MATERIAL TO PROCESS:

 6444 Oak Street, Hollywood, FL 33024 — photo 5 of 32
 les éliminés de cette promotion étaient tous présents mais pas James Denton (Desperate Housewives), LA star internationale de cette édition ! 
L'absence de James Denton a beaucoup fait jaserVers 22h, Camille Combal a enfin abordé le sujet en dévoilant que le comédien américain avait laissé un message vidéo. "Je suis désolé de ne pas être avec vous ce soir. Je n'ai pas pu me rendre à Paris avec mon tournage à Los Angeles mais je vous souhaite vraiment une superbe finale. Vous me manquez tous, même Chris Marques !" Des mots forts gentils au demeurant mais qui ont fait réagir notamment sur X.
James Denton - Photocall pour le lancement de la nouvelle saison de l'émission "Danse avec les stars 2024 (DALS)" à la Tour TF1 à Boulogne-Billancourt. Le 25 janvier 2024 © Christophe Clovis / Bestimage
--
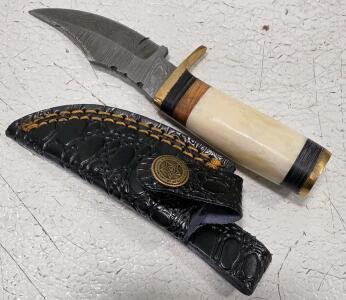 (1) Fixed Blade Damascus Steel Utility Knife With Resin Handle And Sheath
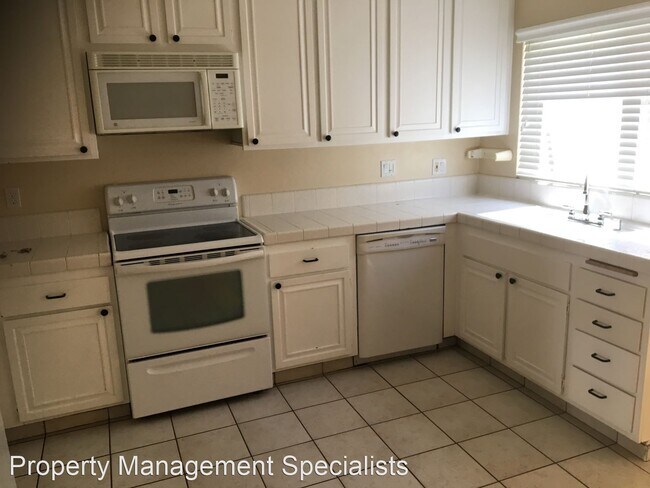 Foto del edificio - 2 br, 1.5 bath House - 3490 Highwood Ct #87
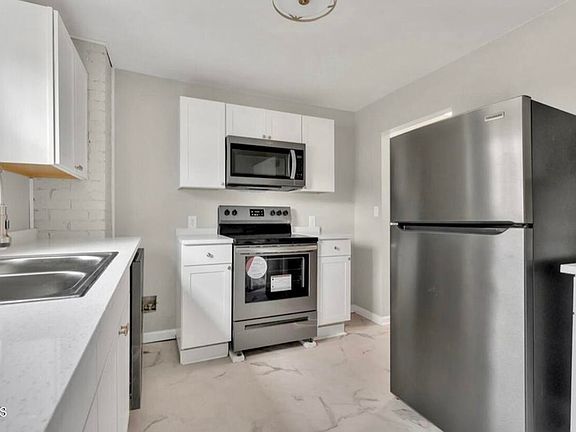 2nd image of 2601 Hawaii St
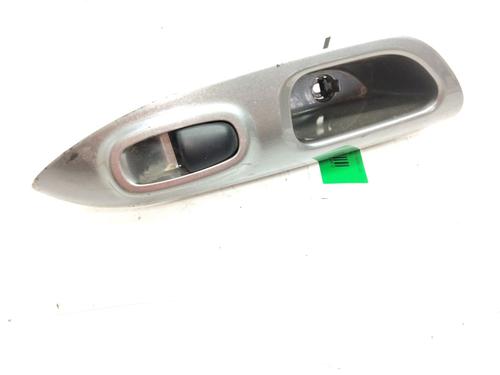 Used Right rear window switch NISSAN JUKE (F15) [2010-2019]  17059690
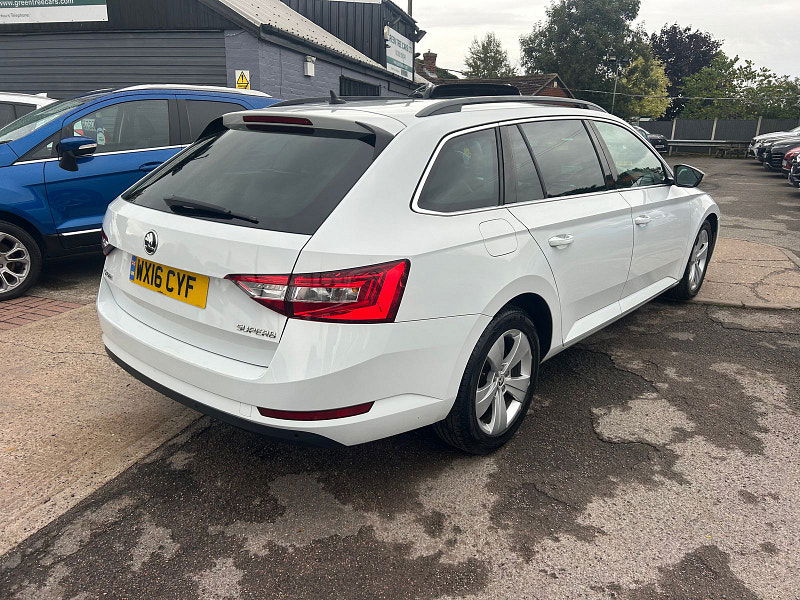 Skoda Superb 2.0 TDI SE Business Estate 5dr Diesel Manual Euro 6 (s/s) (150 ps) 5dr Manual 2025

GOAL OF THE EXERCISE:
Repeat, without pictures, exactly the lines of the data above from the one containing "Foto del edificio" through the one containing "Skoda Superb 2.0", including both and adding nothing.

WRITTEN SOLUTION:
 Foto del edificio - 2 br, 1.5 bath House - 3490 Highwood Ct #87
 2nd image of 2601 Hawaii St
 Used Right rear window switch NISSAN JUKE (F15) [2010-2019]  17059690
 Skoda Superb 2.0 TDI SE Business Estate 5dr Diesel Manual Euro 6 (s/s) (150 ps) 5dr Manual 2025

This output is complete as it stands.